Our teaching offerings do change over the years and this is partly a function of staff research and teaching interests. (For example, we offered a course in the Philosophy of Religion for many years, but no longer do so, although some philosophy of religion features in other courses.)
In response to this it might be asked why we have not hired new staff members who are interested in teaching a course in African Philosophy, for example. The reasons are complex, but here is some background.
First, had I relied on UCT’s “wisdom” about the teaching of philosophy, UCT would not now have a Philosophy Department at all. I returned to South Africa in 1997 to take up a lectureship in the small Philosophy Department. A few years later, as departing staff members were not replaced, I found myself the sole permanent member of the Department. The University attempted to “merge” the Philosophy Department with the Political Studies Department. Given the differential size of the two departments, this would have been a take-over rather than a merger. The future of a robust Philosophy curriculum would have been in serious jeopardy.
When the Vice-Chancellor at the time was publicly confronted about the prospect of a University without a Philosophy Department, she said that the university could not excel in every area. I refused to accept that Philosophy at UCT should be doomed and succeeded in resisting the “merger”. In the approximately 15 years since then, the department has steadily grown. We now have eight academics in permanent posts teaching in excess of 2 500 students each year. We do have teaching assistants, but an eight-member Philosophy department, while not unusual in South Africa, is exceptionally small by the standards of quality tertiary institutions abroad.

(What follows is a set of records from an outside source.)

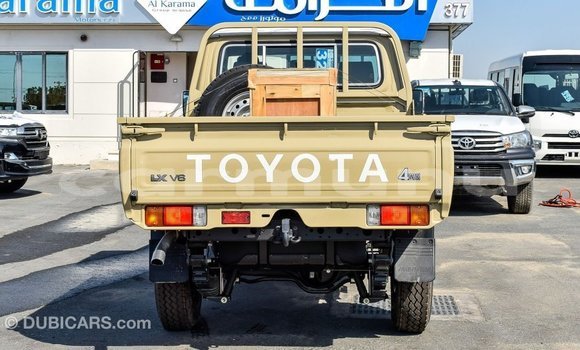 Acheter Import Voiture Toyota Land Cruiser Beige à Import - Dubai, Région de la Bouenza Acheter Import Voiture Toyota Land Cruiser Beige à Import - Dubai, Région de la Bouenza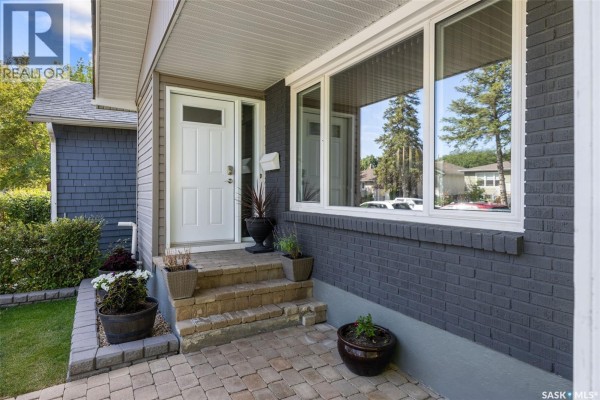 Bedroom - 2122 Wascana Street, Regina, SK S4T4J9 Photo 5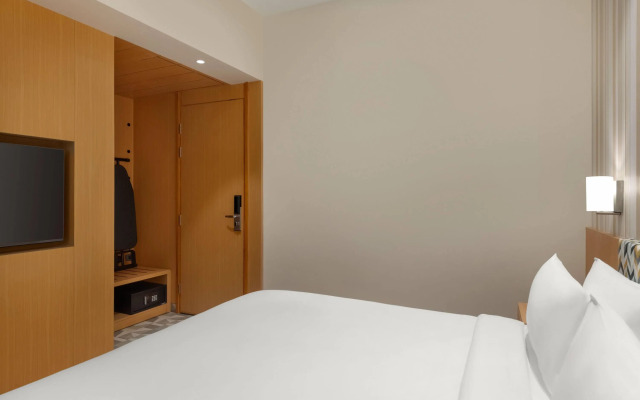 Ramada Encore By Wyndham Lucknow Airport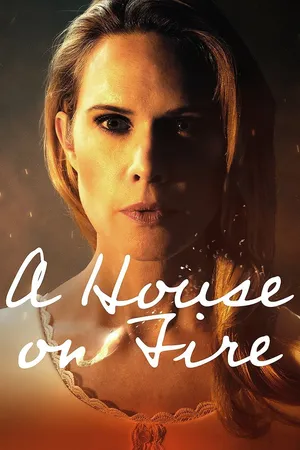 Ann Rule's A House on Fire CA
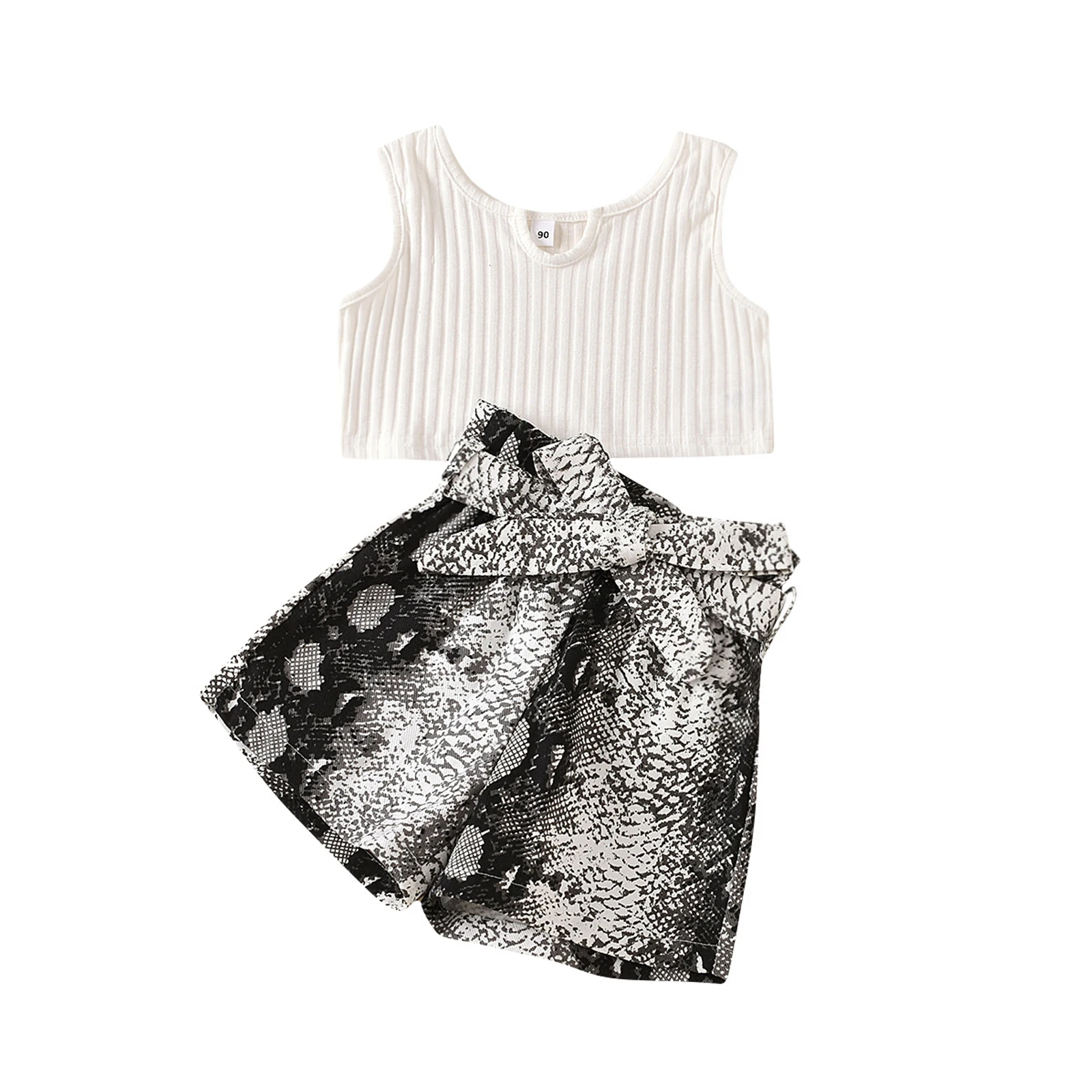 

Girl's Clothing Set, Sl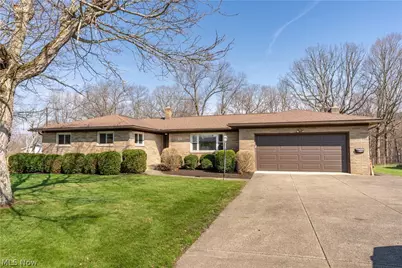 155 Moore Road, Akron, OH 44319 - Photo 1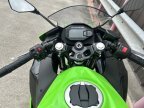 Thumbnail Photo 3 for New 2025 Kawasaki Ninja 500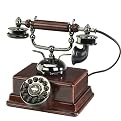 Crosley Sultan Phone - Cherry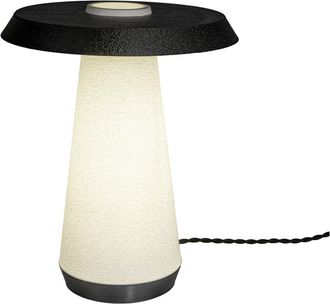 Jonathan Y Designs Jonathan Y Bruno 3D Table Lamp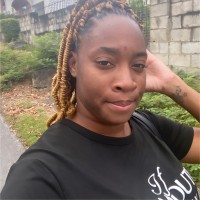 Chevianne Pitt-Seale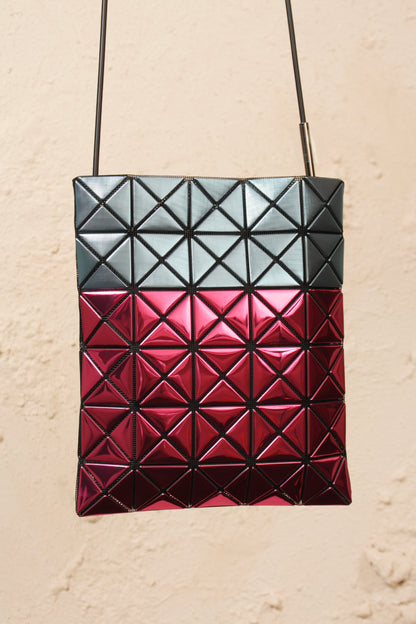 Platinum Stardust Pink Bag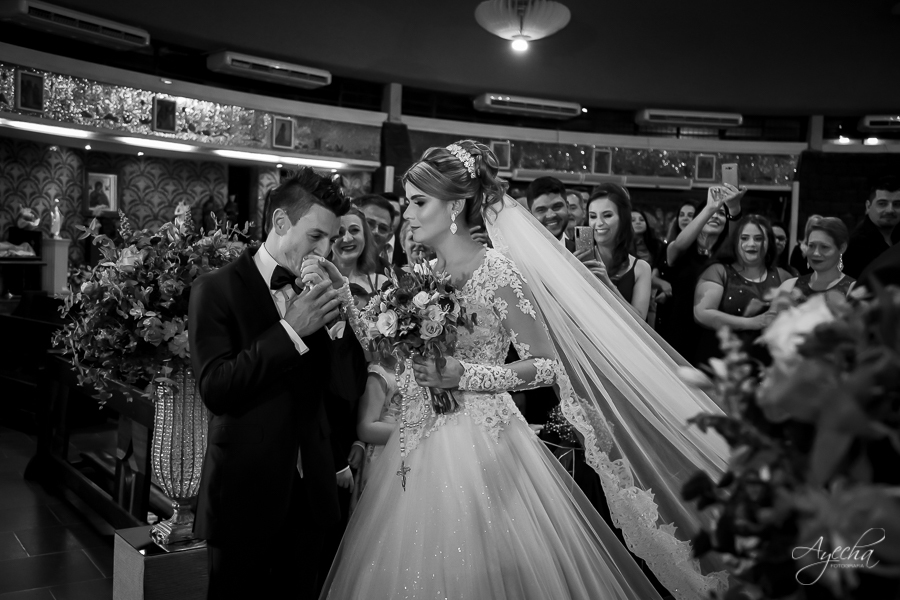 Casamento Perpétuo Socorro; Bella Vista Eventos; Tânia Marcelino; Diovanne Camilo, Invent Art; Noivas Curitibanas; Fotografia de Casamento Curitiba; Casamentos Colombo; Eventos Curitiba; Liliane Prado Make; Casamento Couto Pereira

It is also small in comparison with most departments at UCT. Yet we have produced exceptional students. One marker of this is that our Honours and Masters graduates have been admitted to masters and doctoral programmes in the world’s finest universities. Others have become top students in their LLB classes.
Thus our size has been one impediment to broadening the range of our courses. As we have grown we have been able to expand our range of offerings, including the Philosophy of Race.
Another problem is recruiting philosophers who have research and teaching interests in areas in which we would like to grow. African Philosophy, like Bioethics (one of my areas of interest), is a branch of philosophy in which plenty of academically inferior work is done. This is not to say that there are no excellent philosophers working in these areas, but given the relative dearth of them, they are harder to find and hire. We came close on a few occasions to hiring a second specialist in Bioethics, an area in which we have a serious need for growth, but each time the successful applicants had other, more attractive options. We have declined opportunities to hire bioethicists whom we believe are not up to standard.
It is very easy for the uninformed and the malicious – and I am certainly not referring here to you – to respond inappropriately to my careful comments about “transformation”, “decolonization” and “Africanisation”. They misconstrue my comments, rush to judgment, assume the worst about me, and spew forth inflammatory and scurrilous demagoguery that is, quite frankly, irresponsible and dangerous. Instead of having made this debate personal, they should have focused on what I actually said, and engaged with its nuances. While I do not agree with everything you wrote, perhaps your polite letter will set them an example in good-mannered engagement.